The Standards for Performing and Reporting on Peer Reviews are established by the AICPA Peer Review Board (the Board). These standards apply to all peer review performed under the AICPA Peer Review program (AICPA PRP).


1999 Revisions to the Standards
     System review
     Engagement review
     Report review

2004 Revisions to the Standards

1999 Revisions to the Standards

In October 1999, the American Institute of Certified Public Accountants (AICPA) Peer Review Board adopted revisions to the AICPA Standards for Performing and Reporting on Peer Reviews. The revised standards that became effective January 1, 2001. Early implementation was not permitted. In summary, the revised standards created the following three levels of peer reviews:

System Review

This became the name of the existing on-site peer review and applied to firms that performed engagements under: :

  • Statements on Auditing Standards (SASs)
  • Government Auditing Standards (the yellow book), issued by the U.S. General Accounting Office, or
  • Examinations of prospective financial information under the Statements on Standards for Attestation Engagements (SSAEs)

Firms eligible for engagement review or a report review could elect to have a system review. In considering the change in name from an on-site peer review to a system review, the AICPA Peer Review Board considered the comments received during the exposure draft’s comment period and concluded that the new terminology more accurately described the type of peer review since the reviewer expresses an opinion on the firm’s system of quality control.

Like the previous on-site review, a system review includes a separate report, letter of comments (if applicable), letter of response, technical review, committee acceptance, and monitoring actions (if considered appropriate.) A system review is intended to provide the reviewer with a reasonable basis for expressing an opinion whether—for the year under review—the reviewed firm:

  • Has designed its system of quality control for its accounting and auditing practice in accordance with AICPA quality control standards.

Engagement Review

This level of peer review replaced the existing off-site review with two basic exceptions: :

  • Firms that performed only compilation engagements that omit substantially all disclosures are subject only to a report review, which is described below. (Although inclusion of selected disclosures for financial statements that otherwise omit substantially all disclosures are still subject to an engagement review.)
  • Second, an engagement review carry an additional objective to assess whether working paper documentation conformed with the requirements of SSARS and SSAEs, as applicable to those engagements. An engagement review provides no opinion on the reviewed firm’s system of quality control and therefore the reviewer is not opining on the firm’s compliance with its own quality control policies and procedures or with AICPA quality control standards, just conformity with SSARS and the SSAEs.

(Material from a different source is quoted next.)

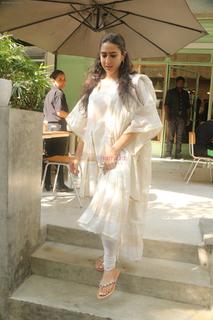 Sara Ali Khan feet photo thumbnail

Since an engagement review does not require a firm to document any work other than that required by the SSARS or SSAEs, the peer reviewer only expresses limited assurance on whether the firm’s documentation conforms with those standards. Some examples of the documentation that a reviewer would consider in his or her procedures include:

  • Management representation letter on review engagements
  • Documentation of the matters covered in the accountant’s inquiry and analytical procedures in a review engagement.
  • Documentation as may be required by SSAEs, such as might have been the case in a WebTrust engagement.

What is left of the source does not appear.